Parente lembrou que durante o discurso de posse fez uma "ressalva cuidadosa" sobre a questão. O ministro disse que, desde que sejam assegurados ao BC esses instrumentos "dinâmicos" para conduzir de maneira correta a política monetária, seria favorável a que as emissões de títulos públicos feitas pelo BC fossem incorporadas aos limites definidos para o Tesouro Nacional ou que a instituição deixasse "paulatinamente" de emitir esses títulos como vem fazendo.
"Se vamos colocar alguma restrição a essa possibilidade (emissão de títulos) do BC, é fundamental que isso seja feito na situação em que instrumentos adequados para a política monetária estejam disponíveis", disse.
O ministro não soube, no entanto, explicar que instrumentos seriam estes. "Isto é um detalhe, o Banco Central é o principal interlocutor, assim como o Ministério da Fazenda, no caso do Poder Executivo", disse.

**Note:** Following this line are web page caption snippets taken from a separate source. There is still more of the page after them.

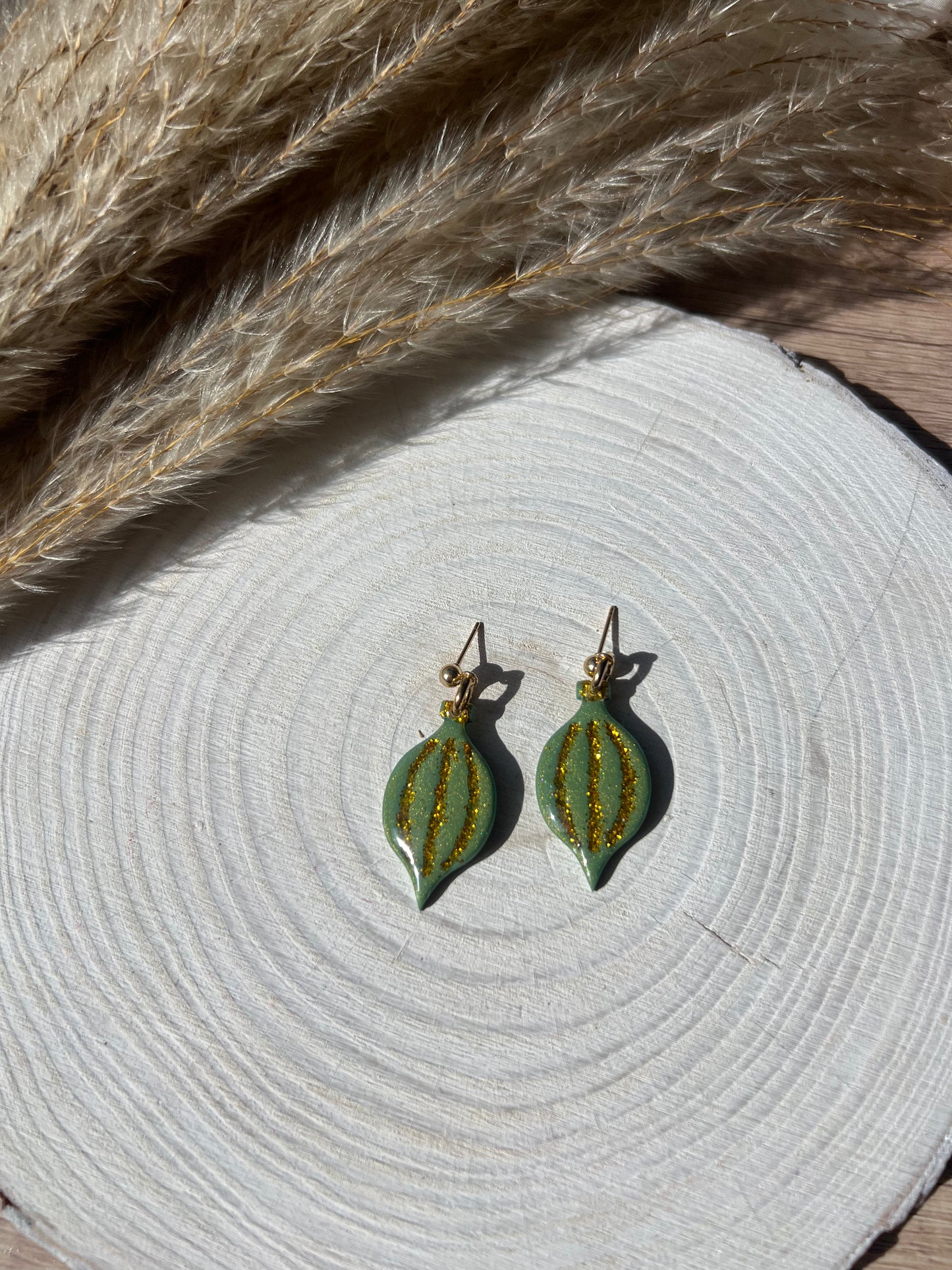 Christmas bauble (3 colours)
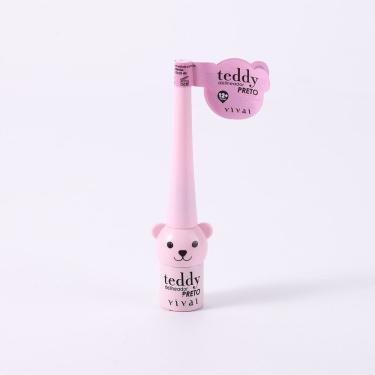 Imagem de Delineador Líquido Preto Teddy - Vivai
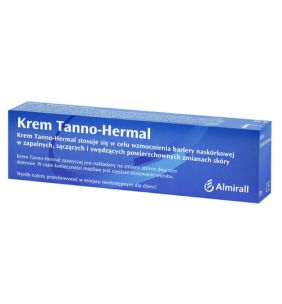 Tanno Hermal, krem, 20 g
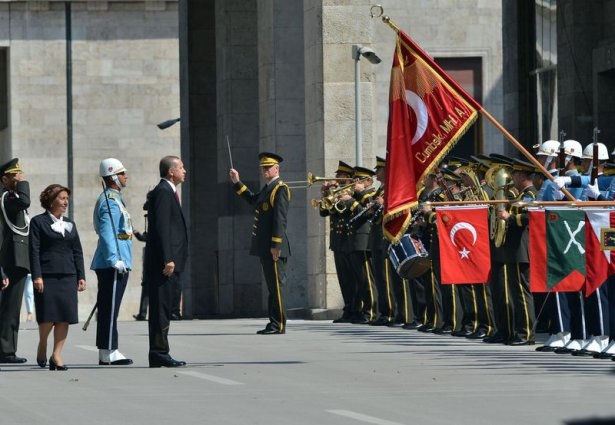 12. Cumhurbaşkanı Recep Tayyip Erdoğan 44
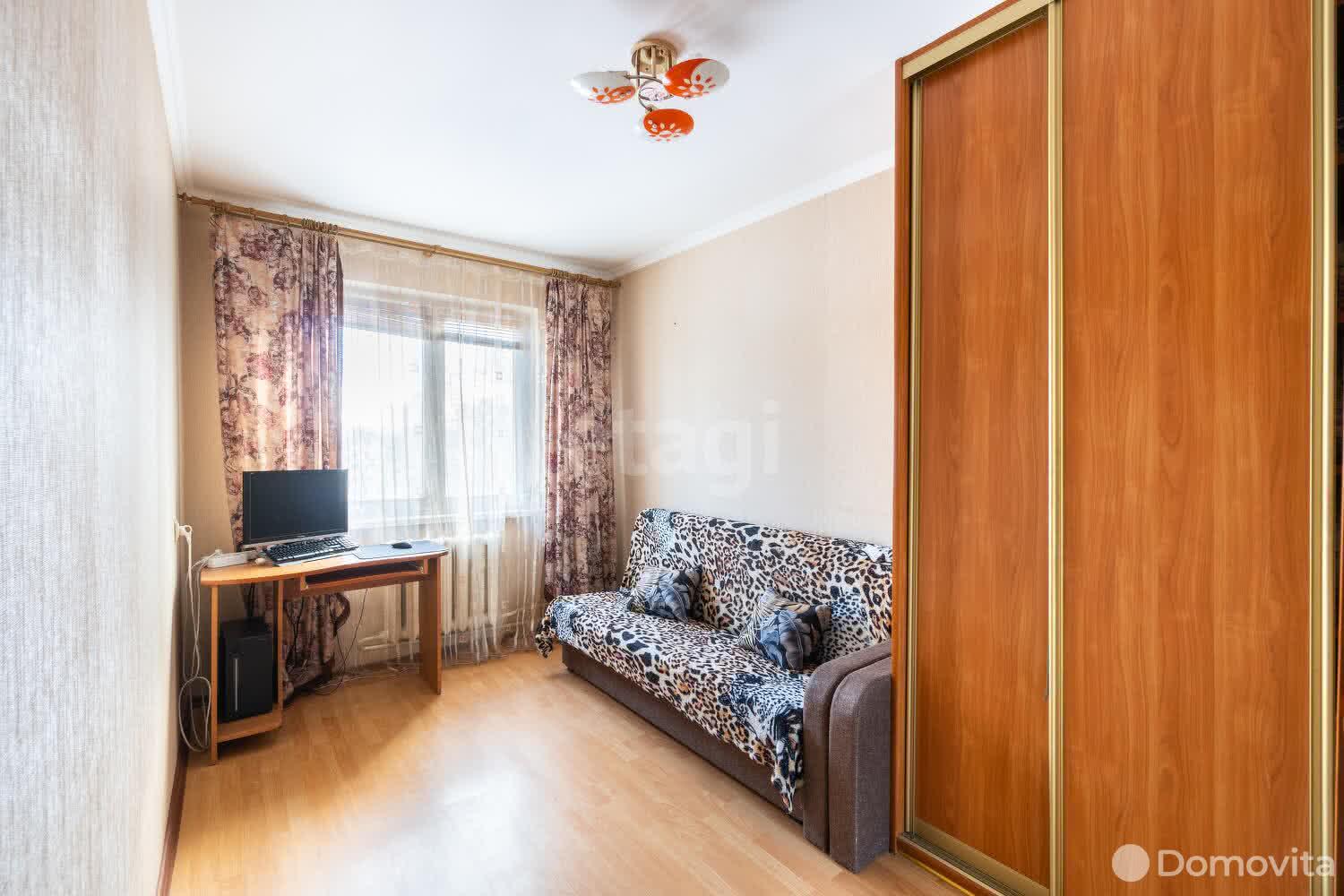 Купить 2-комнатную квартиру в Минске, б-р Шевченко, д. 22, 66000 USD, код: 1007704 - фото 6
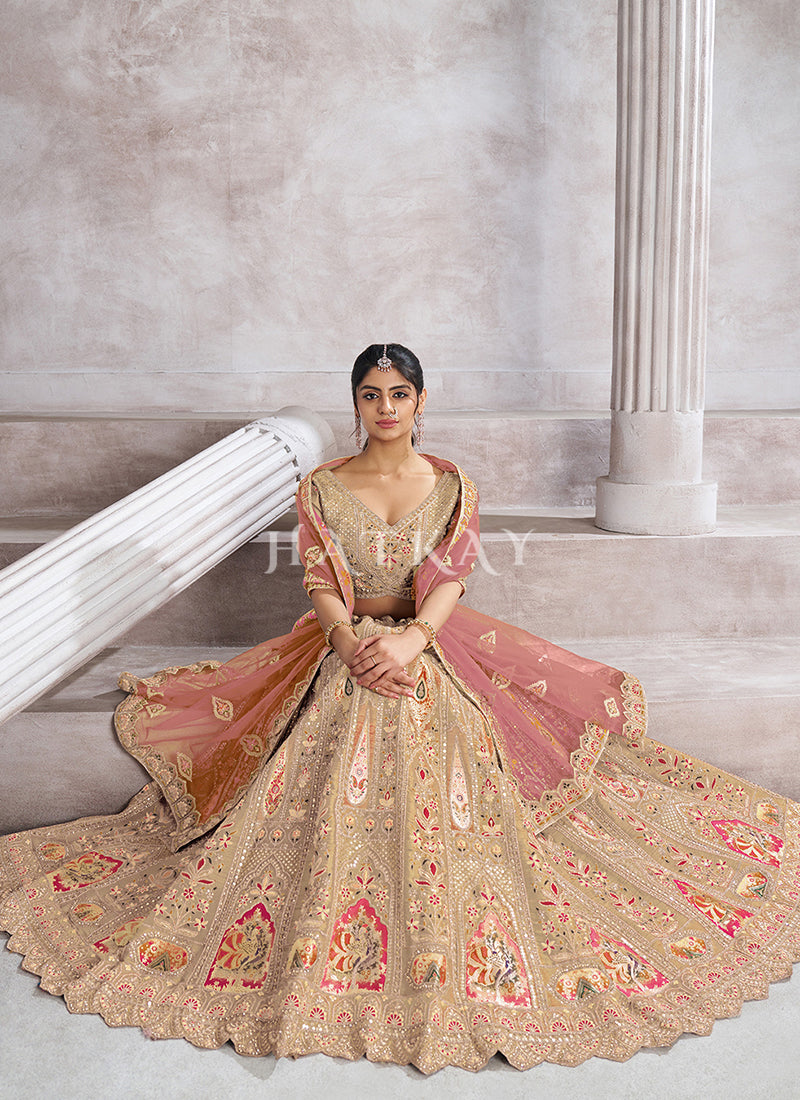Buy Indian Lehenga In USA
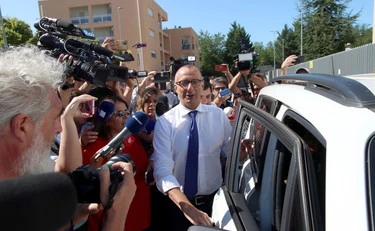 Ricci fuori controllo: "Alla prima riunione riconosceremo lo Stato di Palestina"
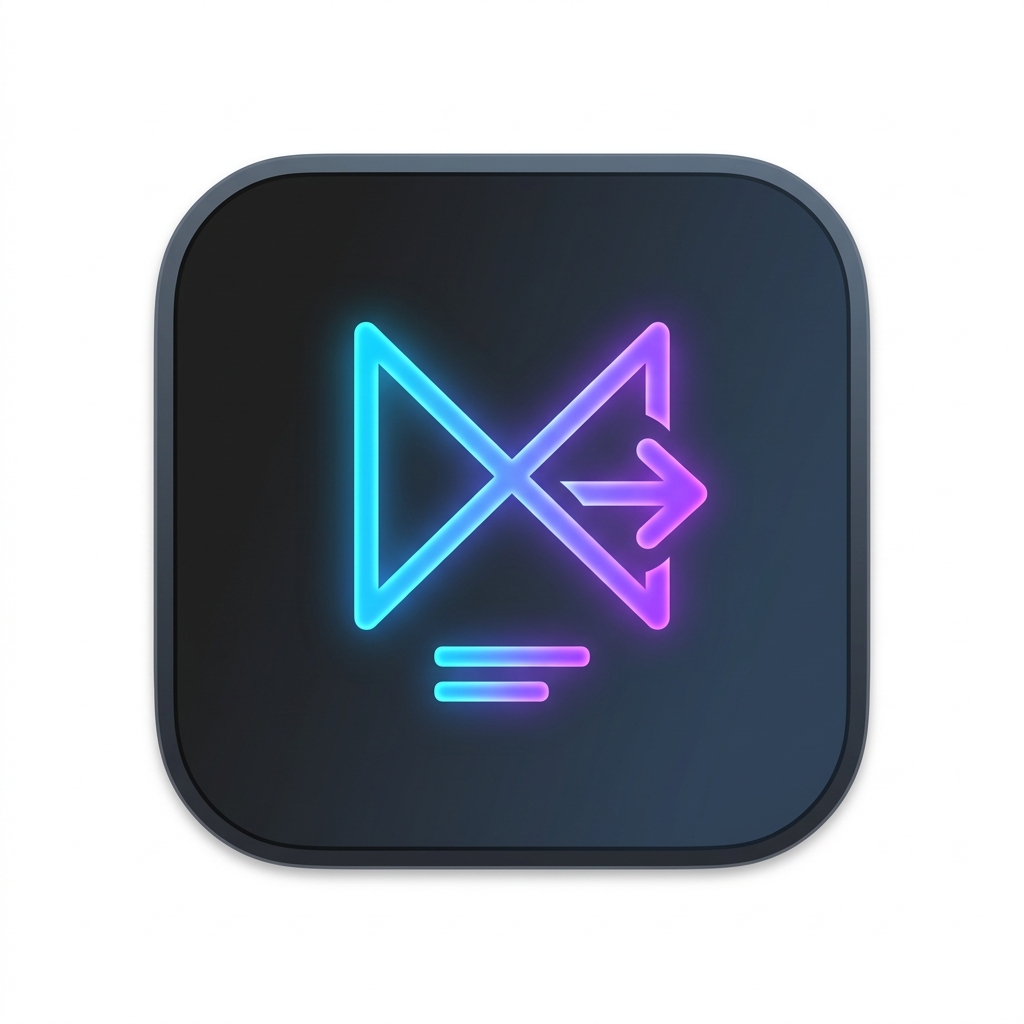 Icône de l'application MdView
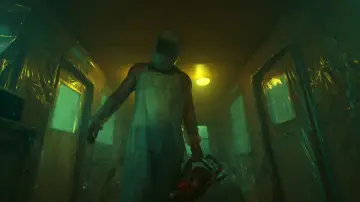 Zasłona do filmu "Jump Scare" #936863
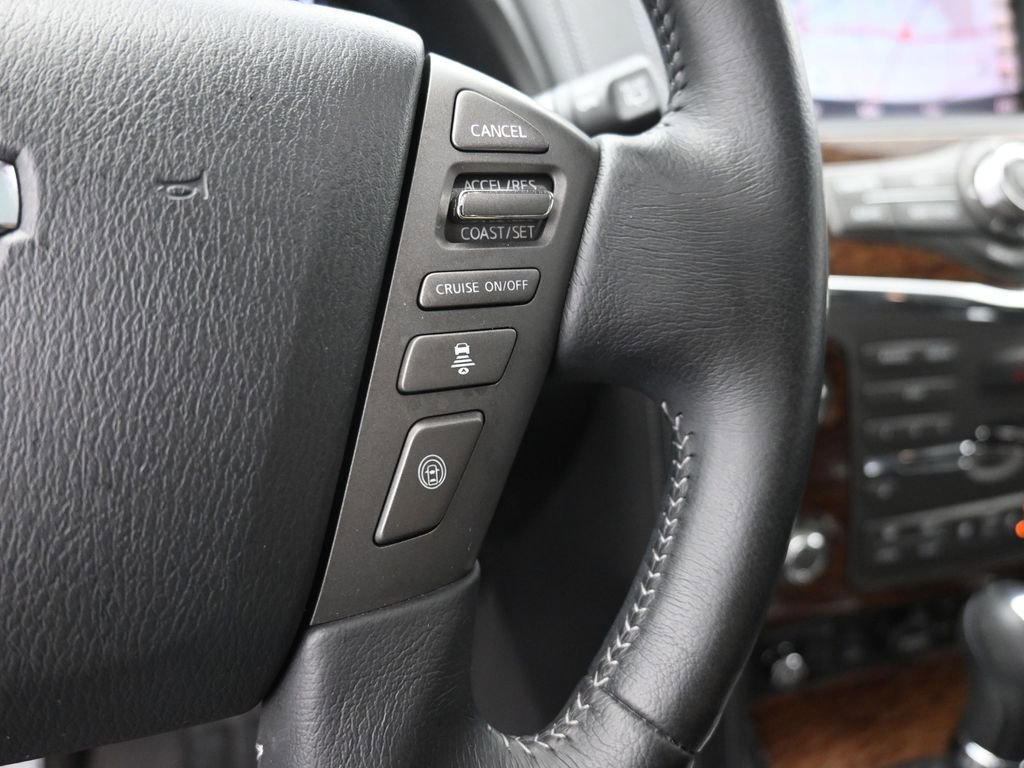 Used 2019 Nissan Armada Platinum image 28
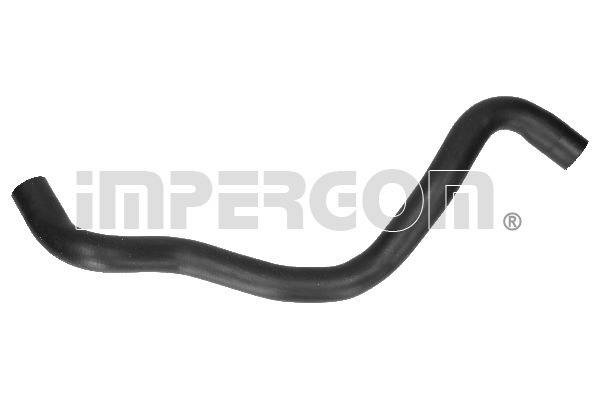 Furtun radiator partea de jos (227518 IMP) MAZDA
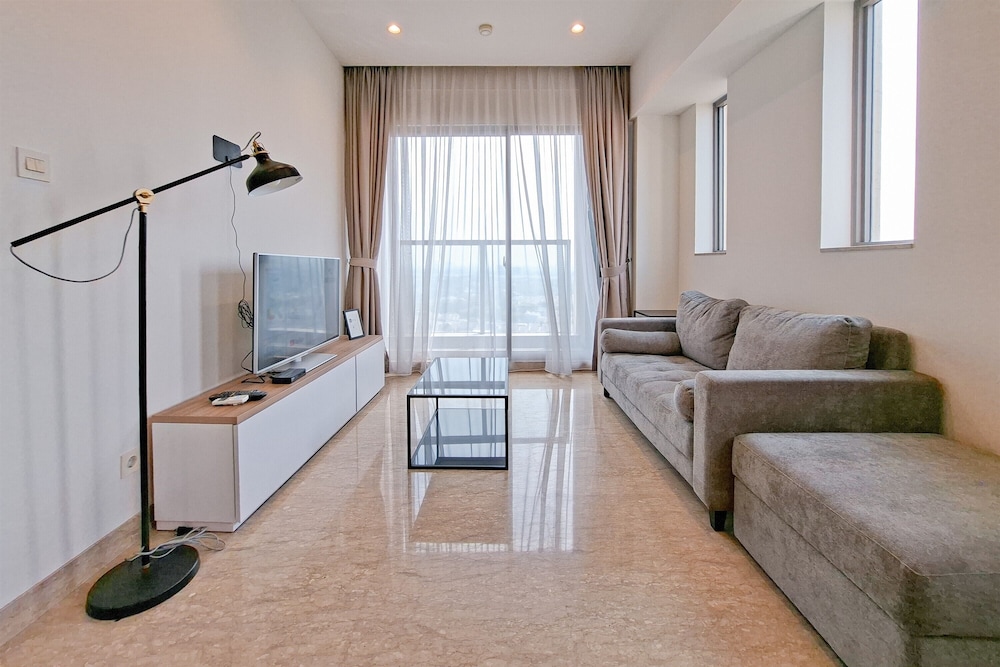 Modern Contemporary Cozy 2Br At Branz Bsd City Apartment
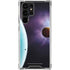 StockTrek Two Planets Born from the Same Star Galaxy S22 Ultra Clear Case
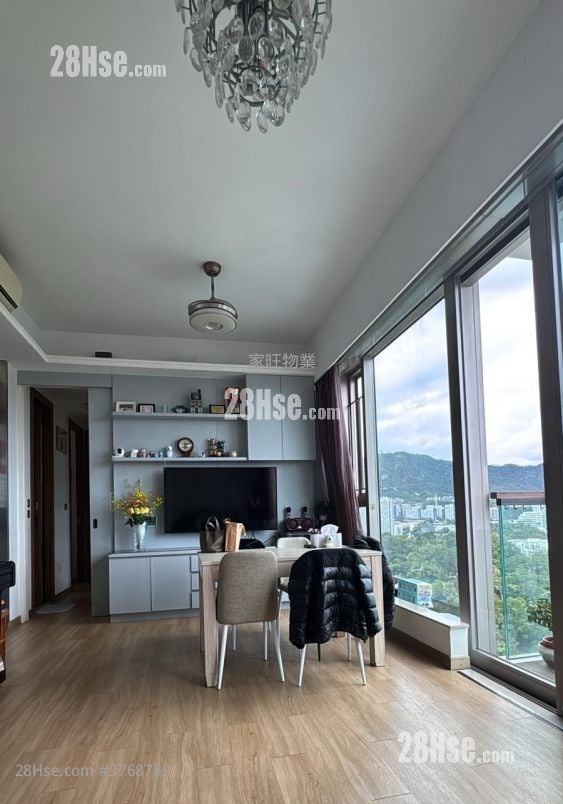 晓珀 售盘 3 房 , 1 浴室 793 平方尺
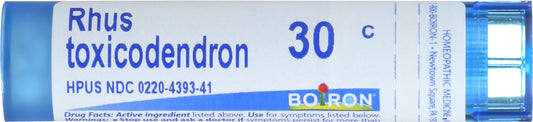 Boiron Rhus tox 30c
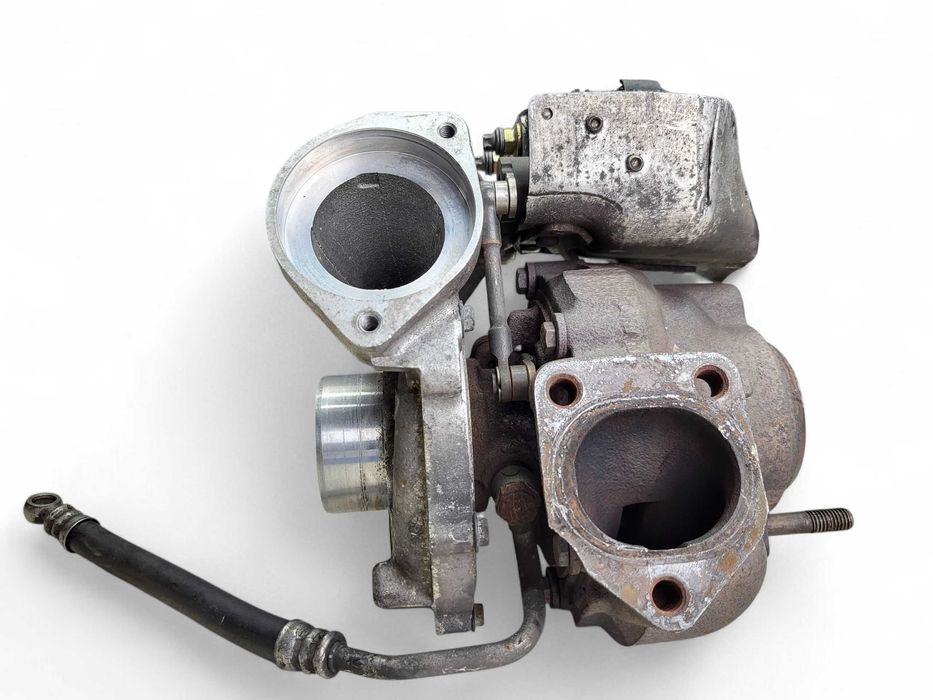 Турбина BMW 5 E60 E61 2.5 d 2004-2010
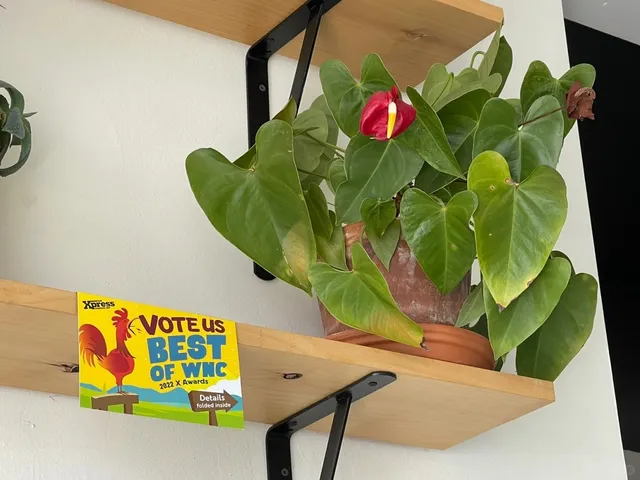 Simple Cafe & Juice Bar in West Asheville 🥑🍹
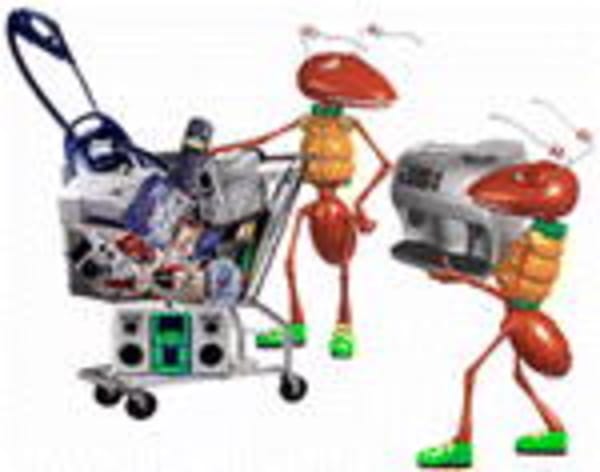 Eigene Kategorien für Games und Video bei LetsBuyIt.com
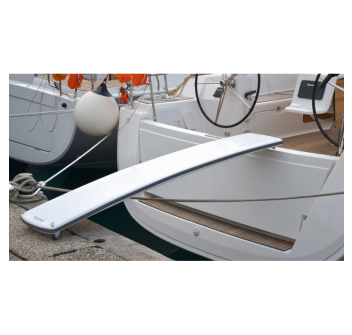 PASSERELLA GALLEGGIANTE PIEGHEVOLE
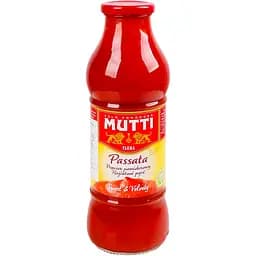 Пюре Mutti томатное 700 г (411163)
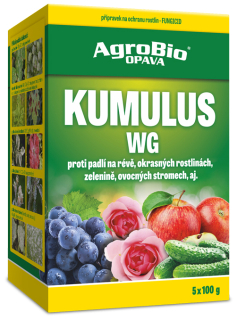Kumulus WG - 5x100g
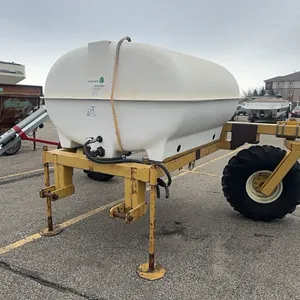 River Bend 715 gallon tank on 2pt frame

Atualmente, o BC vem reduzindo o volume de títulos públicos emitidos, respeitando a estratégia definida pelo governo. O BC emite títulos públicos exclusivamente com o objetivo de atender às necessidades de condução da política monetária. O Tesouro Nacional, por sua vez, faz emissões com a finalidade básica de financiar o déficit público federal.